Geçen yıl Trabajos de Prehistoria dergisinde yayımlanan bir makalede ayrıntılı olarak açıklanan bulgular, eserlerin kimyasal bileşim analizine dayanıyor. Bu nesneler, karasal demirin yaygın olarak eritilmesinden önce yaratıldıkları için araştırmacıları uzun süredir şaşırtıyordu. Eserleri hem İspanya hem de Almanya’da spektrometre analizine tabi tutan bilim insanları, eserlerdeki demirin yaklaşık 1 milyon yıllık olduğu tahmin edilen meteoritlerden kaynaklandığını gösteren güçlü kanıtlar buldu.
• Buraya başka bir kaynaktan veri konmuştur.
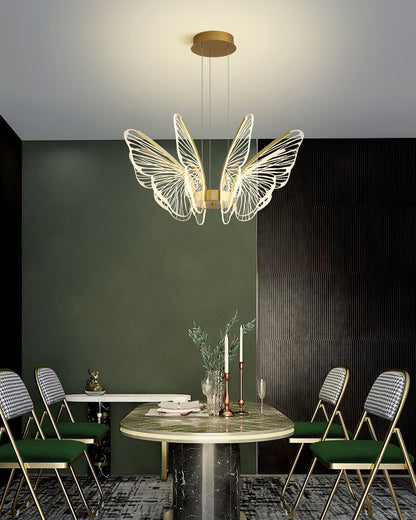 Phalaenopsis Chandelier - Elegant Floral Design with Adjustable Height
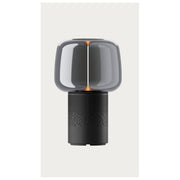 Kooduu Serena Play, altoparlante portatile con luce, sound by JBL, bluetooth 5.3, IP53, autonomia 8 ore, anthracite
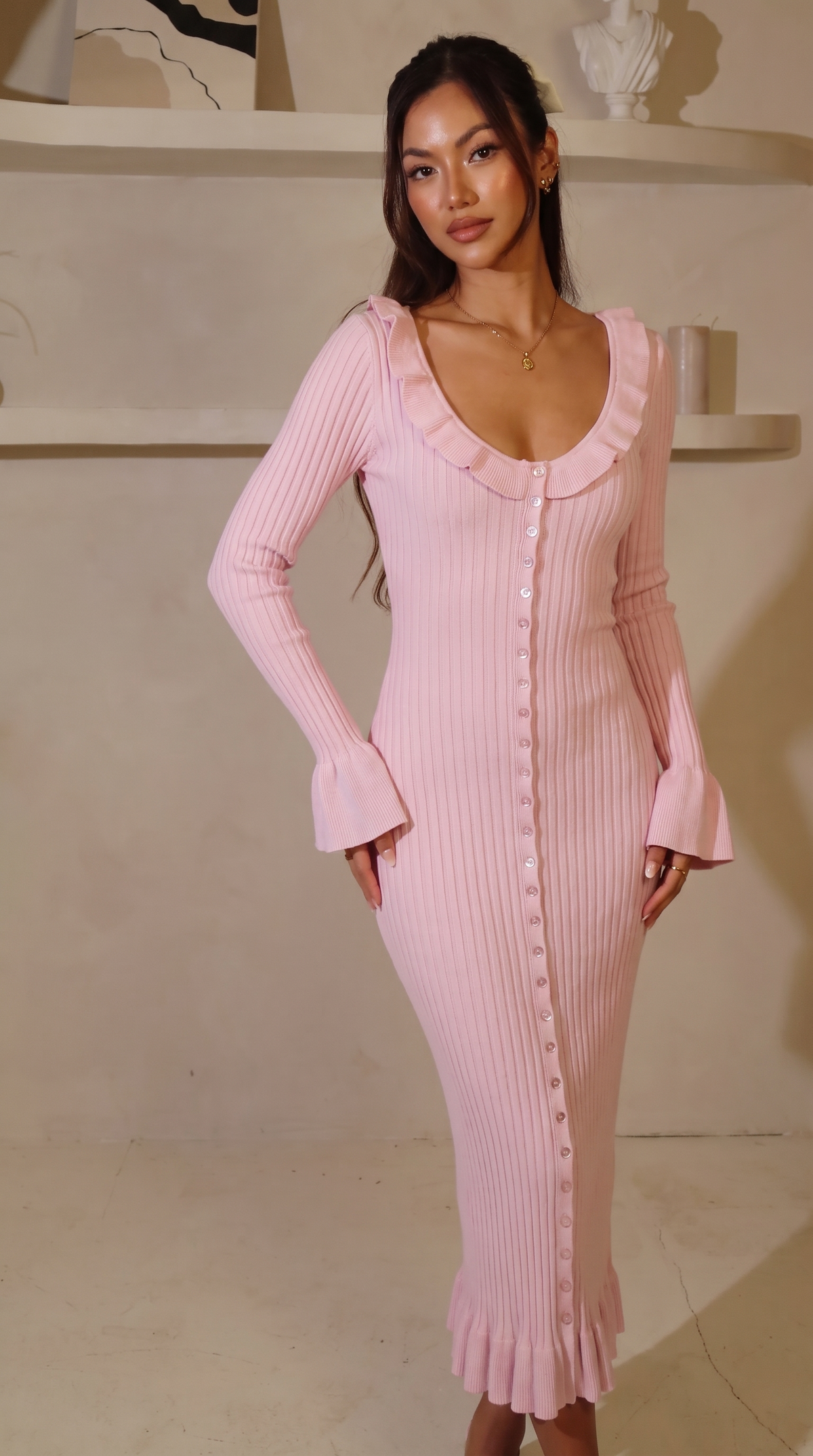 Malia Midi Dress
İspanya Tarih Enstitüsü‘nde araştırmacı olan ve çalışmanın kıdemli yazarı Ignacio Montero Ruiz‘e göre, iki eser arasındaki kompozisyondaki dikkat çekici benzerlik, araştırmacıların “her iki nesnenin de aynı göktaşından gelmiş olabileceğini" öne sürmelerine yol açtı.
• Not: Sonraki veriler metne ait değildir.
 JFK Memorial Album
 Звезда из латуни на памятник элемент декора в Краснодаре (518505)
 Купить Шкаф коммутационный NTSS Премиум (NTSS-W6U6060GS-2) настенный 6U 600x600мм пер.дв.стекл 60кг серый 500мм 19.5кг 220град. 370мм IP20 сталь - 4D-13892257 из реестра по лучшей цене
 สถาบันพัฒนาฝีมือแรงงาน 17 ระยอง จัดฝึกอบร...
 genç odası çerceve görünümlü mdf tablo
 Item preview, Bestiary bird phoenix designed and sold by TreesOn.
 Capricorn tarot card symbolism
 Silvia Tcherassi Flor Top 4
İsviçre’de bulunan 3.000 yıllık demir ok ucu ve Kral Tut‘un hançerinin demir bir göktaşından yapıldığı iddiası gibi örneklerle eski çağlarda göktaşlarından elde edilen demirin kullanımı duyulmamış bir şey olmasa da, bu son bulgular Bronz Çağı’ndaki metalürji uygulamalarına dair yeni bilgiler sağlıyor.
Montero Ruiz, demir teknolojisinin bakır bazlı metalürji ile altın ve gümüş gibi soy metallere kıyasla farklı doğasını vurguladı. Meteoritik demirin kullanımı, antik metal işleme uygulamalarında önemli bir değişime işaret ederek yenilik ve yeni teknolojilerin geliştirilmesini gerektirmiştir.
Araştırmacılar incelemelerini sürdürürken, bu eserlerde bulunan dünya dışı malzemenin kökeni arkeolojik bir bilmece olmaya devam ediyor ve antik işçilik ve teknolojik adaptasyonun karmaşıklıklarına benzersiz bir bakış sunuyor.